Deploy this separately: `modal deploy modal_backend/verifier.py`

In the UI, show "Verifier warming up..." in the status bar while the first request is in flight and display a spinner. Do not let the UI appear broken during cold start.

---

## 8. Demo Video Script

The demo video is a submission requirement. Plan it around these beats:

- Open Chrome, show the app. Explain the split-brain concept in one sentence.
- Click "Load 1.5B Model" — show the WebGPU loading progress bar.
- Type a non-trivial prompt: "Write a Python function that finds all prime numbers up to n using a segmented sieve, handling edge cases."
- Hit Generate — show tokens streaming at 80–120 tok/s with the token counter live.
- Show the "Verifying..." status kick in immediately after local generation completes.
- If the verifier returns FIX or REWRITE: show the red flash rollback animation and the corrected code typing in.
- Show the sandbox execution output (stdout) confirming the corrected code runs.
- End on the split status bar: "Local: WebGPU · Cloud: Modal A10G · Verdict: ✅ Verified"

Keep the video under 3 minutes. Record with OBS or Loom. No cuts during the generation — the live stream is the point.

---

## 9. Bonus Badge Checklist

| Badge | How you earn it | Status |
|---|---|---|
| **Off the Grid** | 1.5B runs 100% in browser, no cloud API for inference | ✅ Automatic |
| **Llama Champion** | 14B served via llama.cpp on Modal | ✅ Automatic |
| **Off-Brand** | Custom dark theme, rollback animation, token counter, status bar | ✅ Build it |
| **Field Notes** | Write a blog post on HF or Dev.to explaining the speculative split-brain architecture | ✅ Write it post-build |

---

## 10. Submission Checklist

Before June 15 deadline:

- [ ] Modal verifier deployed and endpoint URL confirmed working
- [ ] HF Space live and publicly accessible under `build-small-hackathon` org
- [ ] WebGPU model loads in Chrome without errors
- [ ] Token streaming visible in UI
- [ ] Rollback animation triggers on at least one FIX/REWRITE verdict
- [ ] Sandbox execution output shown in demo
- [ ] Demo video recorded and uploaded (YouTube unlisted or HF)
- [ ] Social media post published (Twitter/X or LinkedIn) with Space link and demo video
- [ ] README.md Space card complete with description, tags, and video embed
- [ ] Field Notes blog post published and linked in README

---

## 11. Known Gotchas

**WebGPU VRAM:** The 1.5B Q4 ONNX model needs ~1GB VRAM. On machines with integrated graphics sharing system RAM, this works but may be slow. Document the Chrome + dedicated GPU requirement.
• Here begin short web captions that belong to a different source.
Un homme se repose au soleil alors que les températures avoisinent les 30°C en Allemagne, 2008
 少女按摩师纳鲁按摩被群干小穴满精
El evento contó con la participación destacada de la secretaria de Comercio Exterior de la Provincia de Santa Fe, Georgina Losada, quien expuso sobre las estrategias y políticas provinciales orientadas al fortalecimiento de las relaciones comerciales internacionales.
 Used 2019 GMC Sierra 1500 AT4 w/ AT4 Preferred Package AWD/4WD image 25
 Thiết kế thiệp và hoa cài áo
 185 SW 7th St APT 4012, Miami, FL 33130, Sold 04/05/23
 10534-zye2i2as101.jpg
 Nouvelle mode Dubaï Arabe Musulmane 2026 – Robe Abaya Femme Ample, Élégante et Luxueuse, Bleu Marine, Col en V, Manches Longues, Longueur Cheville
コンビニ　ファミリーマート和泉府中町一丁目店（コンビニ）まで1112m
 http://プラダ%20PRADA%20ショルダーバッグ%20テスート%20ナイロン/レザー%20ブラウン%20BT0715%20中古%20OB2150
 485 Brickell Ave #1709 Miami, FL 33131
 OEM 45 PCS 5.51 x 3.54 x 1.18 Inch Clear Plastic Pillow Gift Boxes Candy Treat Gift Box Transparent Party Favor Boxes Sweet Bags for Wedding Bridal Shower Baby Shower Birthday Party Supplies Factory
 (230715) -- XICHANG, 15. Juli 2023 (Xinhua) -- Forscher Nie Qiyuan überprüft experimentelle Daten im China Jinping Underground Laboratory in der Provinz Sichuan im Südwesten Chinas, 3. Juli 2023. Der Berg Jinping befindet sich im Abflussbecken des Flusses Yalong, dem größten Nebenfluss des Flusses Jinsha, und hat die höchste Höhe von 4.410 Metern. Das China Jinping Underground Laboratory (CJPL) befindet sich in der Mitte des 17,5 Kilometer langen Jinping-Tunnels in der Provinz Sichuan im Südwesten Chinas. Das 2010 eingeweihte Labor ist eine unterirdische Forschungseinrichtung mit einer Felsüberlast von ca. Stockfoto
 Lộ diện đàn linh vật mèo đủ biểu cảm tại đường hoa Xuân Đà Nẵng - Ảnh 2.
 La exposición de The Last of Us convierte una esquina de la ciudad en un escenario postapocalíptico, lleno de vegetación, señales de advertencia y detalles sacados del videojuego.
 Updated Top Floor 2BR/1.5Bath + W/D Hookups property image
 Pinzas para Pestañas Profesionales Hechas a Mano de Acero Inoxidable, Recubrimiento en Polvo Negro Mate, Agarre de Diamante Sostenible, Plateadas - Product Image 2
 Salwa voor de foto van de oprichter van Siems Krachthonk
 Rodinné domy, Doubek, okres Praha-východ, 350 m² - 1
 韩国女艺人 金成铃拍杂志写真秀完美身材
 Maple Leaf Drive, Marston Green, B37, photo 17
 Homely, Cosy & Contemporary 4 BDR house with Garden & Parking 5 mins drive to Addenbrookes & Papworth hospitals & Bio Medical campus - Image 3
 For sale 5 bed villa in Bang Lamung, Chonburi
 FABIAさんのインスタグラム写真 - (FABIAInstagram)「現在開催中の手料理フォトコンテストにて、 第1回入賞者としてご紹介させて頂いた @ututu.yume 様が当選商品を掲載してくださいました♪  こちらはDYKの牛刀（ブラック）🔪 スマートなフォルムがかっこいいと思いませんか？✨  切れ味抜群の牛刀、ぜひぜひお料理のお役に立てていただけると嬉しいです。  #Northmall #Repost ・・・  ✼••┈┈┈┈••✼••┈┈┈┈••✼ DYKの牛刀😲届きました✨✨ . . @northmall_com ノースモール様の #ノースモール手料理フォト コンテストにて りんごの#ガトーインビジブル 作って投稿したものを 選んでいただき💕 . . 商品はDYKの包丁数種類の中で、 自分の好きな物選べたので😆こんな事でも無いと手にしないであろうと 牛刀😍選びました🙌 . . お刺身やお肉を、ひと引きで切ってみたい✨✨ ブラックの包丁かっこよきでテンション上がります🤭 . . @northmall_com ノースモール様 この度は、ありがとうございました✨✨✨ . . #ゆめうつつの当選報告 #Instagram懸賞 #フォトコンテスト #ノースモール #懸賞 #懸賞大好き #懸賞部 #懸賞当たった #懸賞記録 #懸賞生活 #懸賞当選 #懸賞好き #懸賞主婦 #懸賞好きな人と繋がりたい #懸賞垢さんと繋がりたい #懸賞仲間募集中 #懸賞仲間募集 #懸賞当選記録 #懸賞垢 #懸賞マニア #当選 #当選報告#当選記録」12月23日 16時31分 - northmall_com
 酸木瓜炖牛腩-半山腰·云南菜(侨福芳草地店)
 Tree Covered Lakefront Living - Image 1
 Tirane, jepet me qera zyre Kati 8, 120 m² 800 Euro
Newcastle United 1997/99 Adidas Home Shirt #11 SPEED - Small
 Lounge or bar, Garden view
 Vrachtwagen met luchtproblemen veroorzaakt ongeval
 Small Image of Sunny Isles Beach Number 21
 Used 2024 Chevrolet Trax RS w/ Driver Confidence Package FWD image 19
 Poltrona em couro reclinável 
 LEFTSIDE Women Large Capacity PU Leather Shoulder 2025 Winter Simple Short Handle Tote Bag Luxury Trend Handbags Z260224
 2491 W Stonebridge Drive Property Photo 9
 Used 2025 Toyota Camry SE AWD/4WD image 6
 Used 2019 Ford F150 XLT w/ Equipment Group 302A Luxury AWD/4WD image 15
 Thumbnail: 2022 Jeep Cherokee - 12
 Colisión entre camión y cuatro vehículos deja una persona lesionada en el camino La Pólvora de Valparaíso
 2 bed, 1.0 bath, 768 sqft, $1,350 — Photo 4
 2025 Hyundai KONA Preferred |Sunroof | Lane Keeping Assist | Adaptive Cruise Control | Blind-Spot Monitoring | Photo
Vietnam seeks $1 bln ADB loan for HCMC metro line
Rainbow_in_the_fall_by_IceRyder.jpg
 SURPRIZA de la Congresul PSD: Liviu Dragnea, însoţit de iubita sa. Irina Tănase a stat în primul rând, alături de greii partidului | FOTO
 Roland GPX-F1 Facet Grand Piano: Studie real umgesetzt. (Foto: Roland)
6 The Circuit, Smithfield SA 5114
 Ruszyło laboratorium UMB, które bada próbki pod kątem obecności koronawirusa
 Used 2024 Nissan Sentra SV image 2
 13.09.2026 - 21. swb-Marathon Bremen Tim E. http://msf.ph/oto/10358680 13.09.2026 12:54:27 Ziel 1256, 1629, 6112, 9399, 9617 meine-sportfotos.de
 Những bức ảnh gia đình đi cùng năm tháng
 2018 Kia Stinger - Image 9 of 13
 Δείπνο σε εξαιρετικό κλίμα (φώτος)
**CORS:** Modal's ASGI endpoints allow cross-origin by default, but if you hit CORS errors in the browser JS, add `fastapi.middleware.cors.CORSMiddleware` to the web_app with `allow_origins=["*"]`.

**transformers.js version:** Pin to `3.5.x`. Breaking changes in 3.x are frequent. The CDN import in `engine.js` uses the pinned version — don't use `@latest`.

**Gradio JS bridge:** The `gr.Button(visible=False)` trigger pattern is the cleanest way to fire a Python function from browser JS in Gradio 5.x without websocket hacks. Do not use `gr.Request` for this — it won't work from inside a custom HTML block.

**Modal Volume first deploy:** The volume download must complete before the verifier function can load the model. Run `download_model` manually once and confirm with `modal volume ls qwen-14b-volume /models` before deploying the endpoint.

**HF Space cold start:** HF Spaces themselves also cold start. If the Space hasn't been visited recently, Gradio takes 20–30 seconds to boot. Add a loading spinner at the Gradio level using `gr.HTML` with a brief "Space initializing..." message that auto-hides once the page is interactive.